We consider human performance on an optimal stopping problem where people are presented with a list numbers independently chosen from a bounded uniform distribution. People are told how many numbers are in the list, and how they were chosen. People are then shown the numbers one at a time, and are instructed to choose the maximum, subject to the constraint that they must choose a number at the time it is presented, and any choice below the maximum is incorrect.
Problems like this occupy a useful niche in the study of human decision making. First, the optimal stopping problem is suited to controlled laboratory study, unlike studies of expertise in 'knowledge-rich' real-world domains. Secondly, the optimal stopping problem has features of real-world problem solving not evident in 'knowledge-lean' problems like the "Towers of Hanoi" or "Cannibals and Missionaries". In particular, it does not have a simple deterministic solution and requires people to reason under uncertainty. Thirdly, the optimal stopping problem neatly complements combinatorial optimisation problems (like the Traveling Salesperson Problem) for which human performance has recently begun to be studied. The optimal stopping problem is inherently cognitive rather than perceptual, induces a reliance on memory rather than presenting all relevant information, and has a known optimal solution rather than being NP-complete. This last feature allows people's ability to achieve a good solution to be distinguished from their ability to follow the known optimal solution process.
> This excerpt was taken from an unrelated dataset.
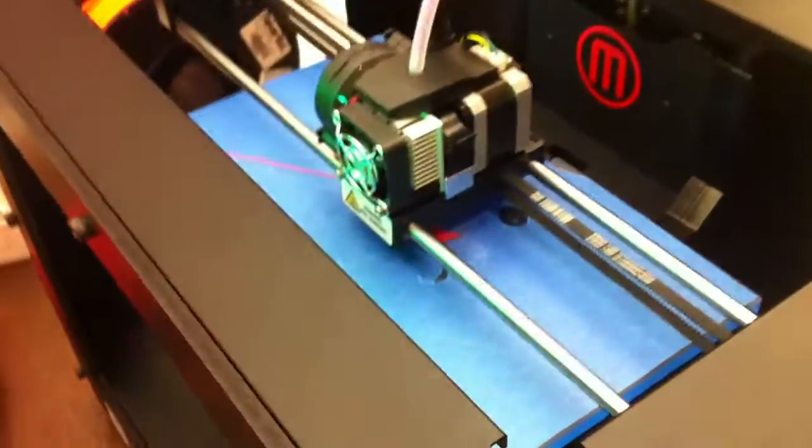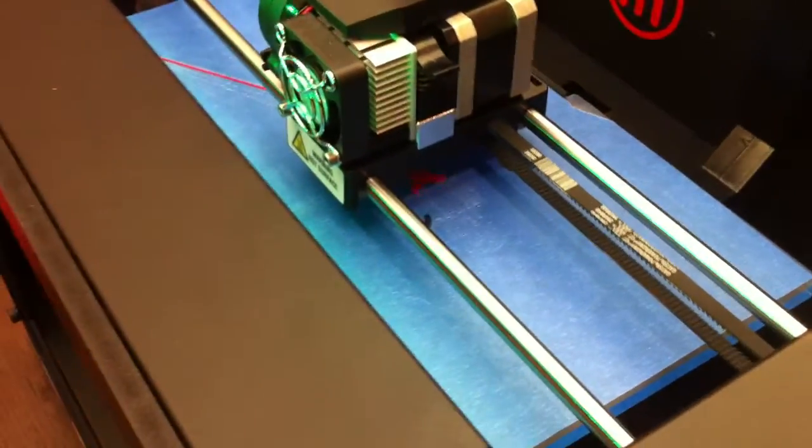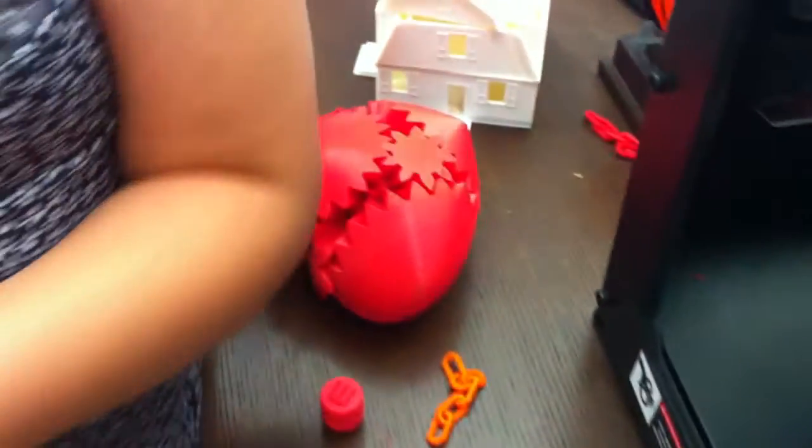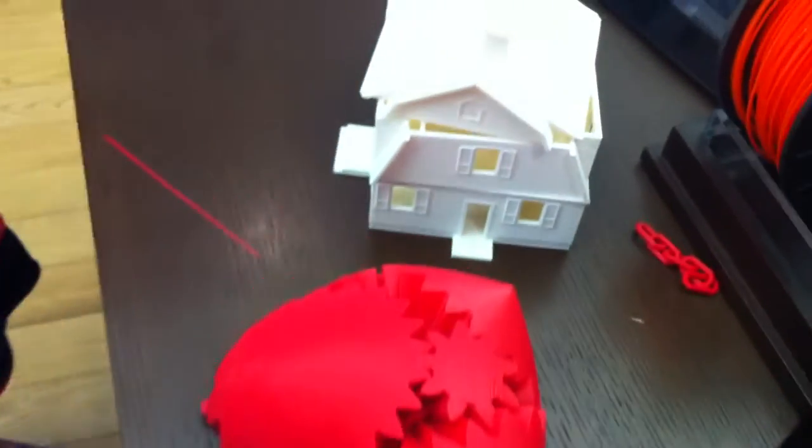We can print stuff that brings out some filler material, and later you can have printed mechanisms and stuff. This is very basic, but they get so complex right now. It's amazing.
We present empirical evidence that suggests people use threshold-based models to make decisions, choosing the first number that exceeds a fixed threshold for that position in the list. We then develop a generative account of this model family, and use Bayesian and Minimum Description Length methods -- including model averaging, model selection and 'entropification' methods -- to learn about the parameters of the generative process, and make inferences about the threshold decision models people use. Finally, we consider a framework for modelling the clear individual differences in the data, and discuss the possibility of modelling group decision-making on a modified version of the optimal stopping problem.